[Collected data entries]
——
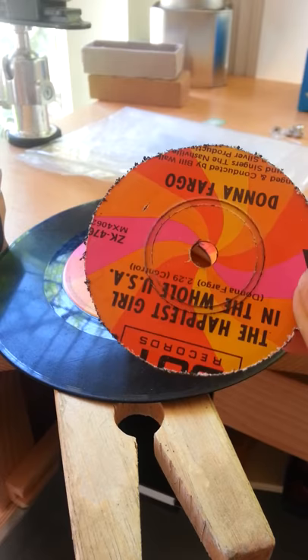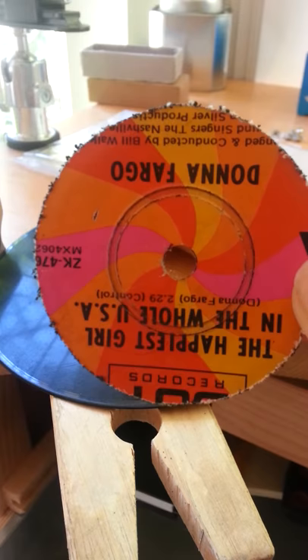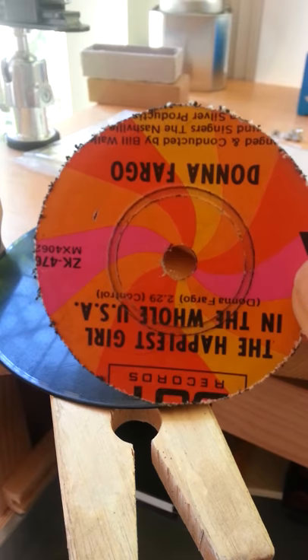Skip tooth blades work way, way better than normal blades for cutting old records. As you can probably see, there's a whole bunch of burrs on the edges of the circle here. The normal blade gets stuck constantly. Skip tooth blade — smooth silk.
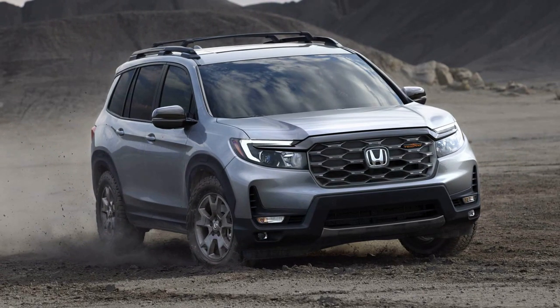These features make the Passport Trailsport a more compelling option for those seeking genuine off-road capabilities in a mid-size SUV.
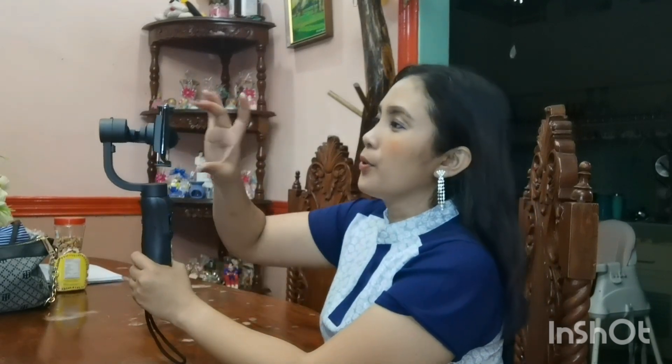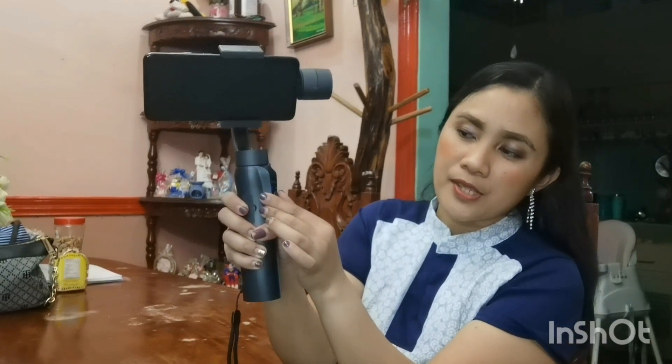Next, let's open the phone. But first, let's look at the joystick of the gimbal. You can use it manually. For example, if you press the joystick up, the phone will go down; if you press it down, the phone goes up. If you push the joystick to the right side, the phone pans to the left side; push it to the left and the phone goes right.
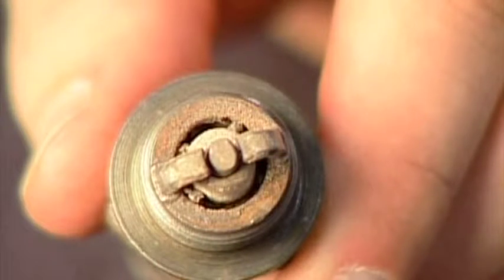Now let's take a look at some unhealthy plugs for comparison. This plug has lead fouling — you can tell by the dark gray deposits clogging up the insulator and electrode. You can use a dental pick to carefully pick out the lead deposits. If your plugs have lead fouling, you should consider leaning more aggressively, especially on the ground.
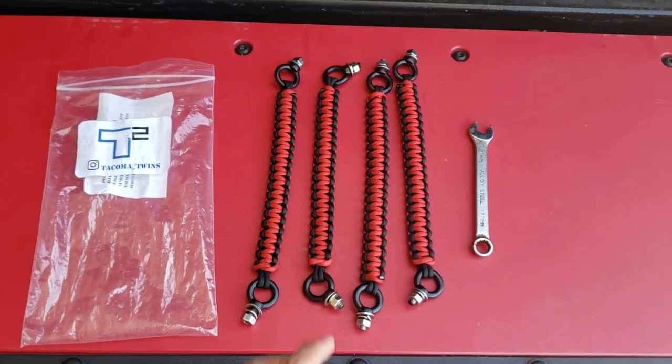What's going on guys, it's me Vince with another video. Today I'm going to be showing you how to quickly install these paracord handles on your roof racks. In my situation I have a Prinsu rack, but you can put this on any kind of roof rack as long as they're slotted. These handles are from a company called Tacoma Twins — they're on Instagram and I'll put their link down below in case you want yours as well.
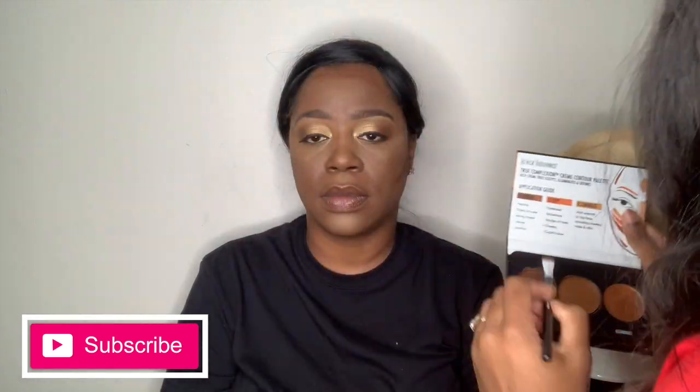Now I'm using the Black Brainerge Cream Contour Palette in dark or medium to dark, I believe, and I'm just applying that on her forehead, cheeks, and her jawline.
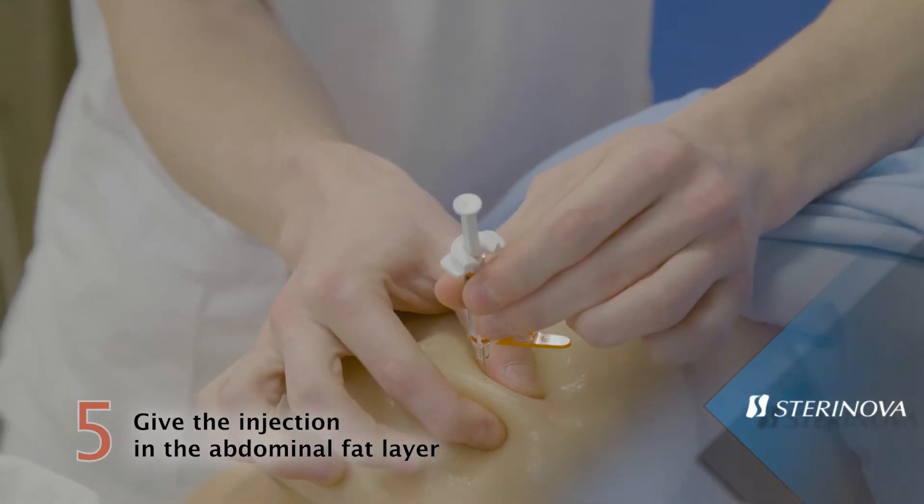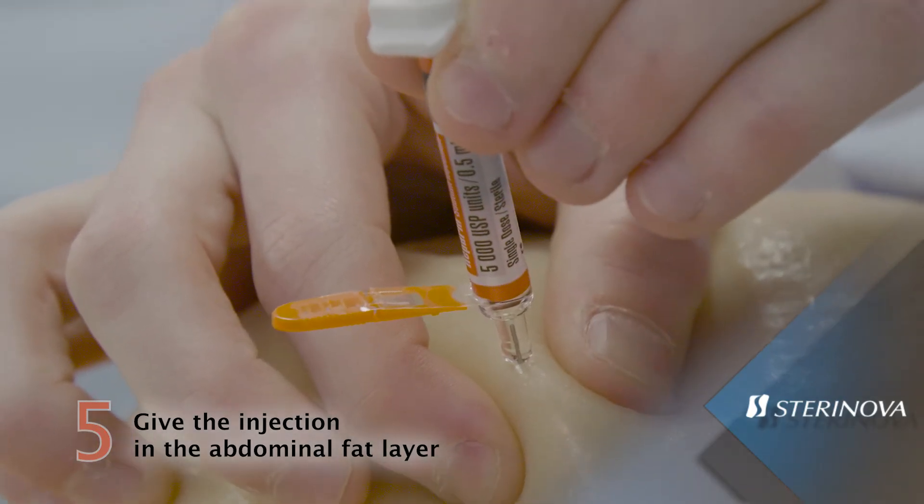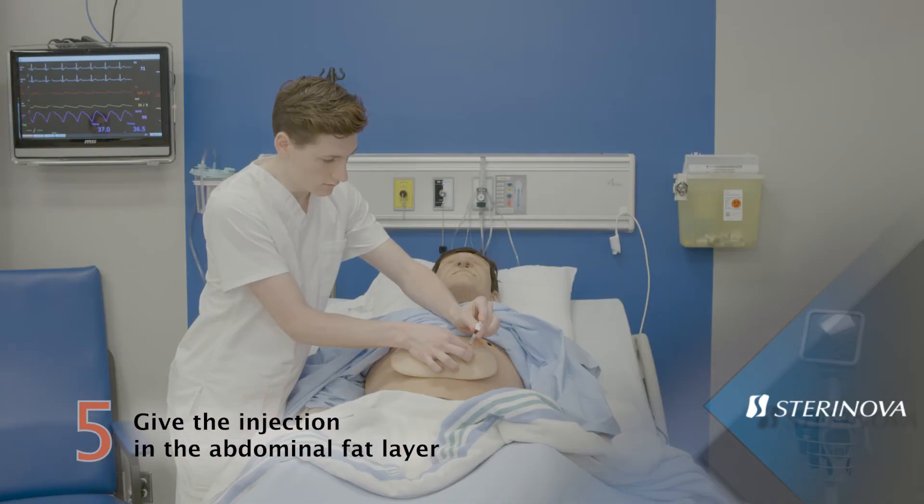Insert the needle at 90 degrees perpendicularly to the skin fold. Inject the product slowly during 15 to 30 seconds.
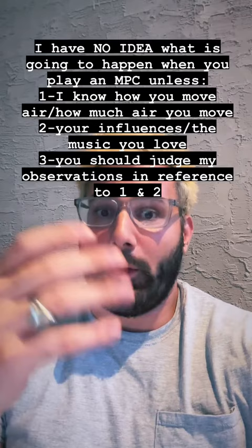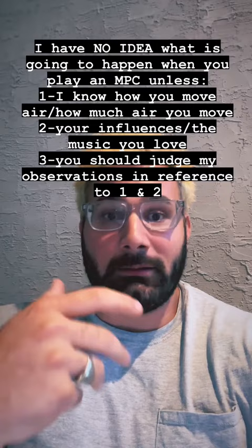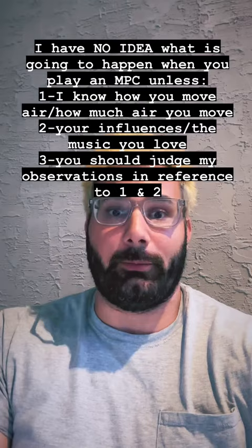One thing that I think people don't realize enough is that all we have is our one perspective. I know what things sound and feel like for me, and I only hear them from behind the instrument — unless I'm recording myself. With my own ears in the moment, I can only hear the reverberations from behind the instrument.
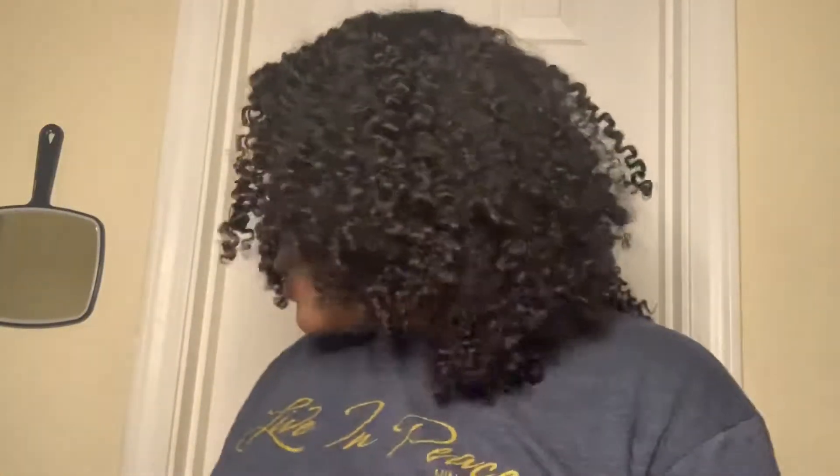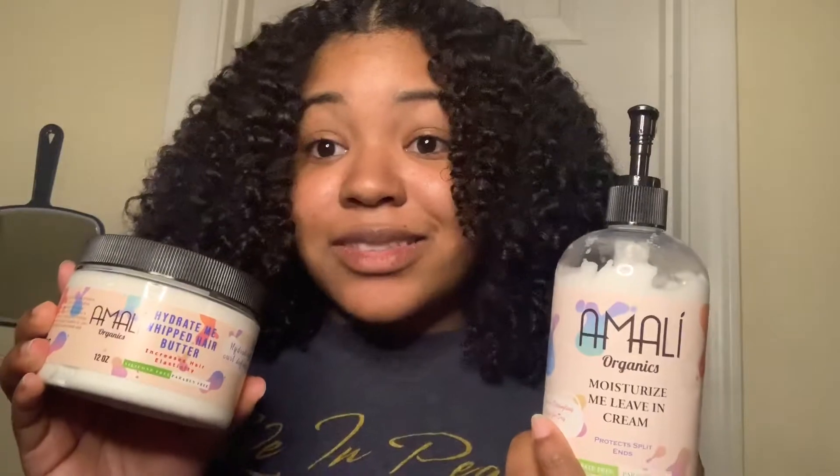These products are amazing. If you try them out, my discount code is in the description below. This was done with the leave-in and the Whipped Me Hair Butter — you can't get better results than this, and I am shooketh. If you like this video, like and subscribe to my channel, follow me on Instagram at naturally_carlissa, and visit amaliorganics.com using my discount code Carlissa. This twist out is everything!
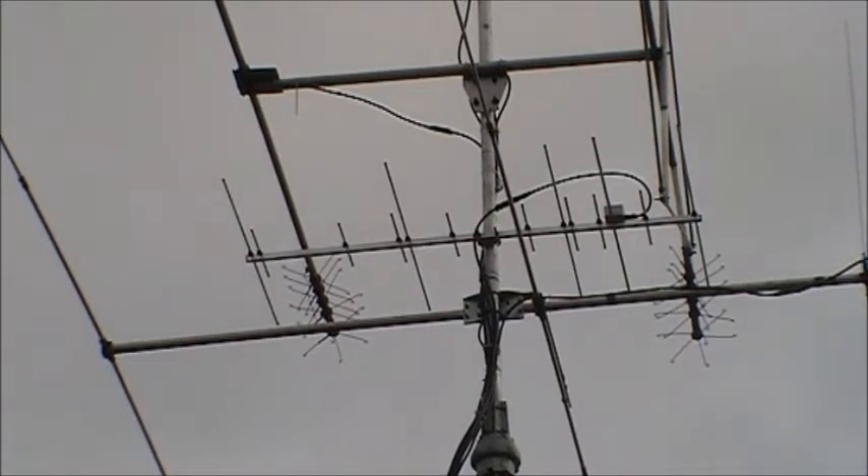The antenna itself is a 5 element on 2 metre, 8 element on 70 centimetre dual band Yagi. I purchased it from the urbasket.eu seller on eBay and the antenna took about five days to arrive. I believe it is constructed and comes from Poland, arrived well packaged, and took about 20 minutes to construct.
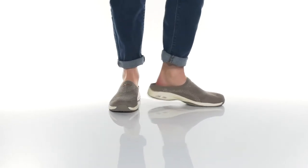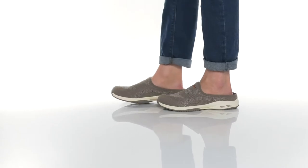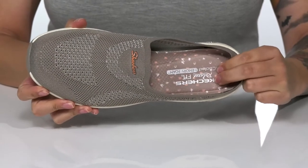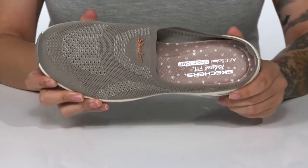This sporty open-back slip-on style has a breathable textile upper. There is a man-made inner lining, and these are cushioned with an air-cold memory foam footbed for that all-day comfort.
——
Directions for this task — Every entry above needs to be printed again exactly, with its pictures left out.

Answer —
Skip tooth blades work way, way better than normal blades for cutting old records. As you can probably see, there's a whole bunch of burrs on the edges of the circle here. The normal blade gets stuck constantly. Skip tooth blade — smooth silk.
These features make the Passport Trailsport a more compelling option for those seeking genuine off-road capabilities in a mid-size SUV.
Next, let's open the phone. But first, let's look at the joystick of the gimbal. You can use it manually. For example, if you press the joystick up, the phone will go down; if you press it down, the phone goes up. If you push the joystick to the right side, the phone pans to the left side; push it to the left and the phone goes right.
Now let's take a look at some unhealthy plugs for comparison. This plug has lead fouling — you can tell by the dark gray deposits clogging up the insulator and electrode. You can use a dental pick to carefully pick out the lead deposits. If your plugs have lead fouling, you should consider leaning more aggressively, especially on the ground.
What's going on guys, it's me Vince with another video. Today I'm going to be showing you how to quickly install these paracord handles on your roof racks. In my situation I have a Prinsu rack, but you can put this on any kind of roof rack as long as they're slotted. These handles are from a company called Tacoma Twins — they're on Instagram and I'll put their link down below in case you want yours as well.
Now I'm using the Black Brainerge Cream Contour Palette in dark or medium to dark, I believe, and I'm just applying that on her forehead, cheeks, and her jawline.
Insert the needle at 90 degrees perpendicularly to the skin fold. Inject the product slowly during 15 to 30 seconds.
One thing that I think people don't realize enough is that all we have is our one perspective. I know what things sound and feel like for me, and I only hear them from behind the instrument — unless I'm recording myself. With my own ears in the moment, I can only hear the reverberations from behind the instrument.
These products are amazing. If you try them out, my discount code is in the description below. This was done with the leave-in and the Whipped Me Hair Butter — you can't get better results than this, and I am shooketh. If you like this video, like and subscribe to my channel, follow me on Instagram at naturally_carlissa, and visit amaliorganics.com using my discount code Carlissa. This twist out is everything!
The antenna itself is a 5 element on 2 metre, 8 element on 70 centimetre dual band Yagi. I purchased it from the urbasket.eu seller on eBay and the antenna took about five days to arrive. I believe it is constructed and comes from Poland, arrived well packaged, and took about 20 minutes to construct.
This sporty open-back slip-on style has a breathable textile upper. There is a man-made inner lining, and these are cushioned with an air-cold memory foam footbed for that all-day comfort.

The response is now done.